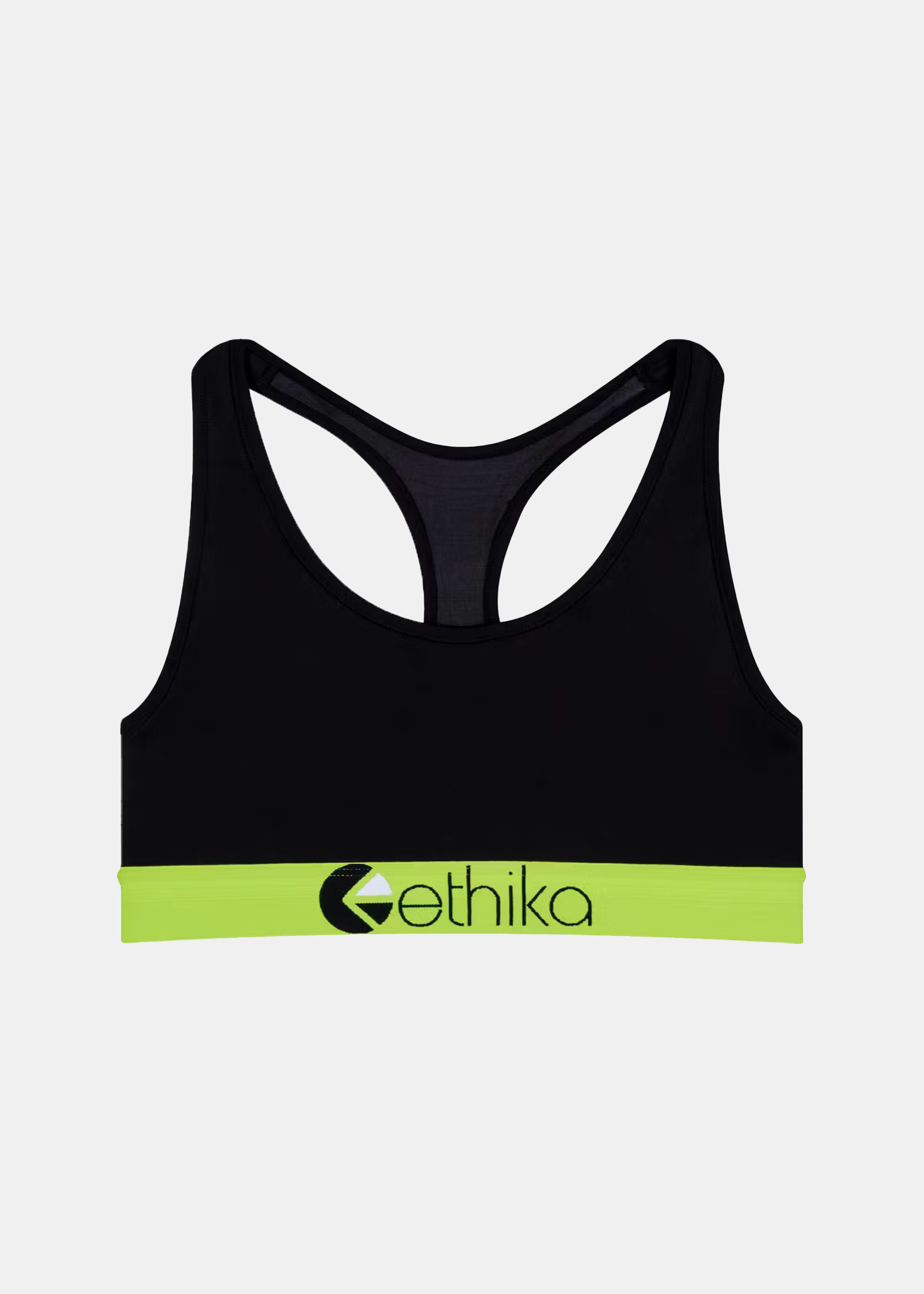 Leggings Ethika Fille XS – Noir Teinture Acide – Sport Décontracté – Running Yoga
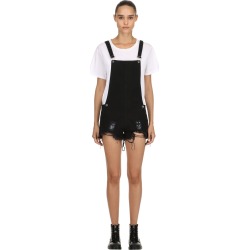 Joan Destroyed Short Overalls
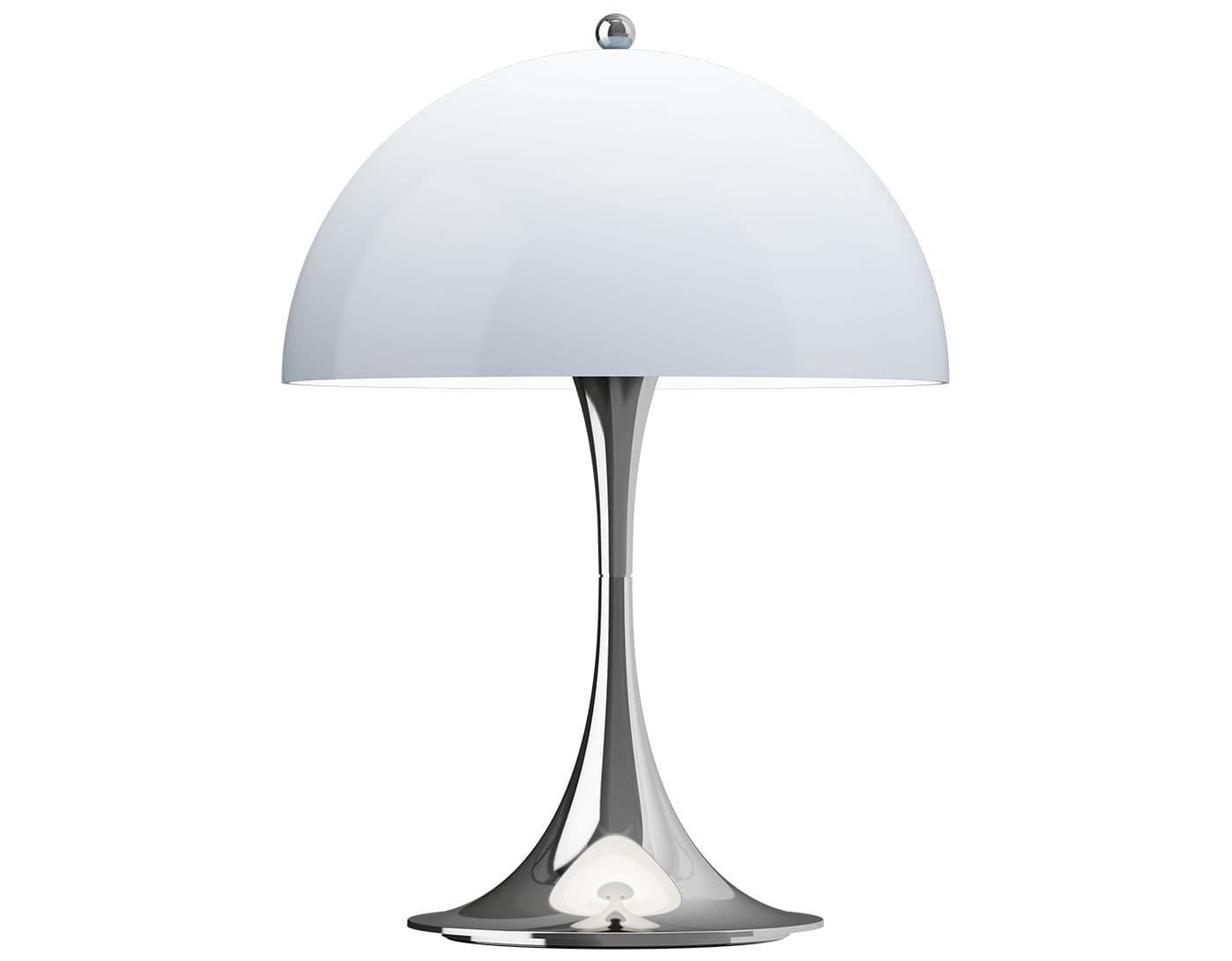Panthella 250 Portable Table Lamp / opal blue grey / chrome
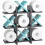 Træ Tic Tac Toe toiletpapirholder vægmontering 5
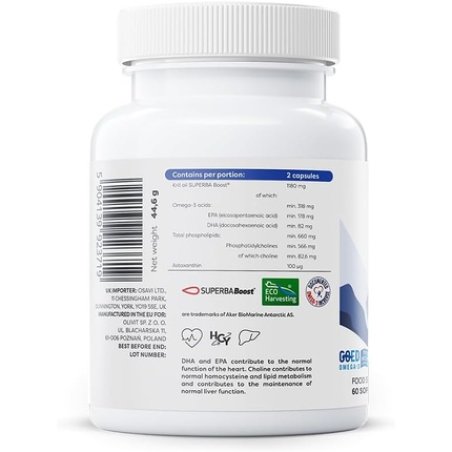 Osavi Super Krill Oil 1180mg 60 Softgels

• _PROBLEM REQUIREMENTS_
Leave the pictures out, and copy exactly each line from the one containing "Panthella 250 Portable" through the final line of the data.

• _RESULT FOR THIS TASK_
Panthella 250 Portable Table Lamp / opal blue grey / chrome
 Træ Tic Tac Toe toiletpapirholder vægmontering 5
 Osavi Super Krill Oil 1180mg 60 Softgels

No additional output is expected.